Since it’s not that long:
abstract type SpaceObject end
struct Asteroid <: SpaceObject
size::Int
end
struct Spaceship <: SpaceObject
size::Int
end
collide_with(x::Asteroid, y::Asteroid) = "a/a"
collide_with(x::Asteroid, y::Spaceship) = "a/s"
collide_with(x::Spaceship, y::Asteroid) = "s/a"
collide_with(x::Spaceship, y::Spaceship) = "s/s"
collide(x::SpaceObject, y::SpaceObject) = x.size > 100 && y.size > 100 ? "Big Boom!" : collide_with(x,y)
It was more than the whole program, but I think I now got the logic of the C# implementation…
The problem with these sort of short examples is that they’re only using regular method overloading since we’re in a single namespace. Multiple dispatch really only begins to come in handy when you can define a new method with new types for a function of a different namespace, that didn’t originally knew about these types.

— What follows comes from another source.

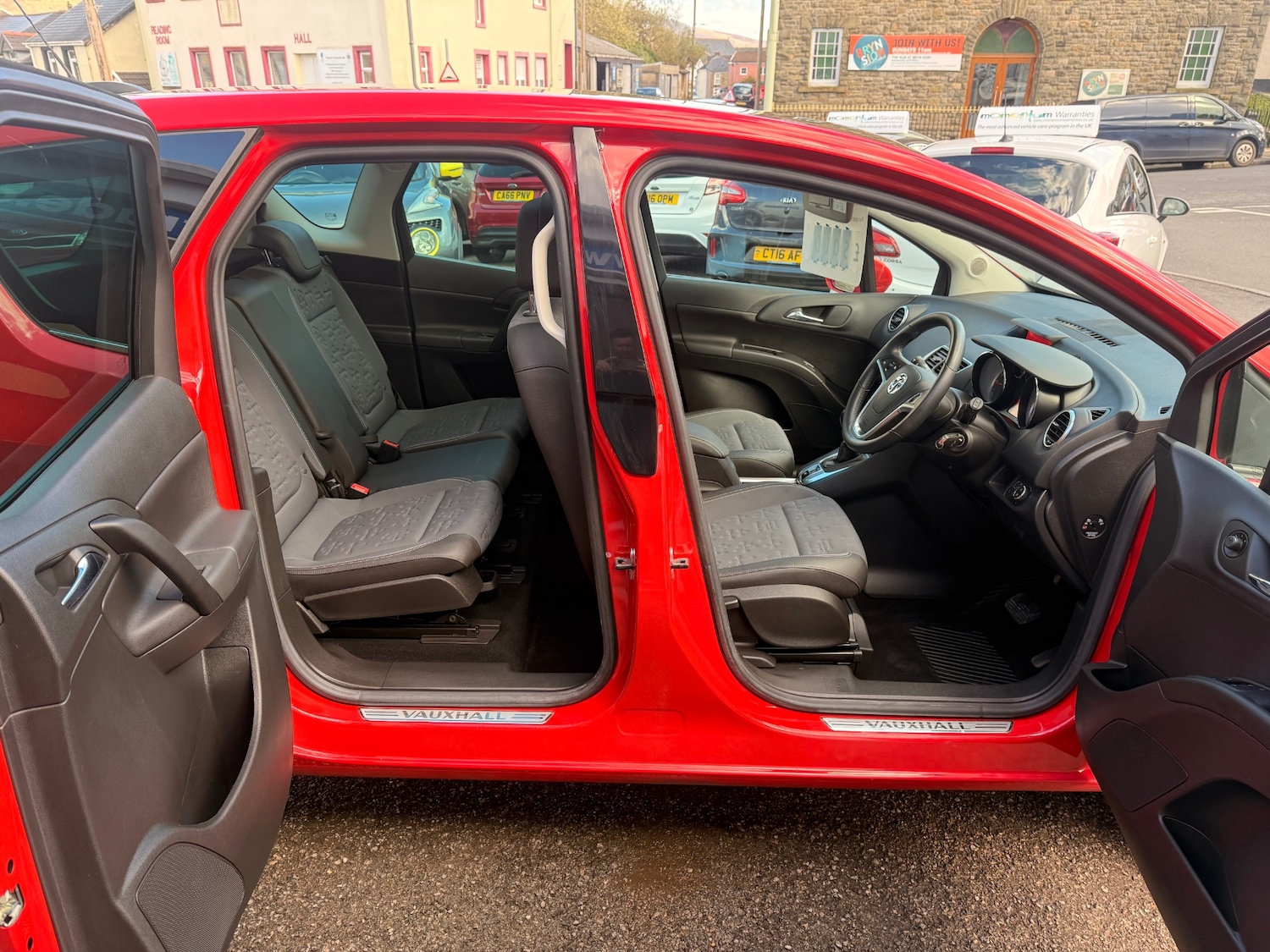 Used Vauxhall Meriva 2016 for sale - 78080778: Photo 14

E.g. the examples from this juliacon talk are much better in my opinion - they show how bringing together multiple different namespaces (that don’t inherently know about each other) can work because of multiple dispatch:
Would it be correct to say that the advantage derives from the fact that high level functions can delegate specialisation to lower level ones? So if the lower-level methods are implemented for the new type, the high level methods would be also fine with it… ?
No, that’s just a sideeffect due to how the C# example has to be structured because of the way everything has to be inside of a class in C#.
E.g. I could extend the collide
function like so:
collide(a::Asteroid, b::SpaceObject) = a.size >= 1_000_000_000 ? "Extinction event, have a nice day!" : collide_with(a, b)
and the other implementation on two ::SpaceObject
s wouldn’t care:
julia> collide(Asteroid(1), Spaceship(1))
"a/s"
julia> collide(Asteroid(1_000_000_000), Spaceship(1))
"Extinction event, have a nice day!"
julia> collide(Spaceship(1_000_000_000), Asteroid(1))
"s/a"
the first two calls call the new method since the first argument is an Asteroid
. Before defining that new specialized method collide(::Asteroid, ::SpaceObject)
, we would have gotten "a/s"
for either call because only one of the two space objects has a size greater than 100
.
–
That said, since every function in julia has multiple dispatch, this works on all levels - high level API as well as low level workhorse functions.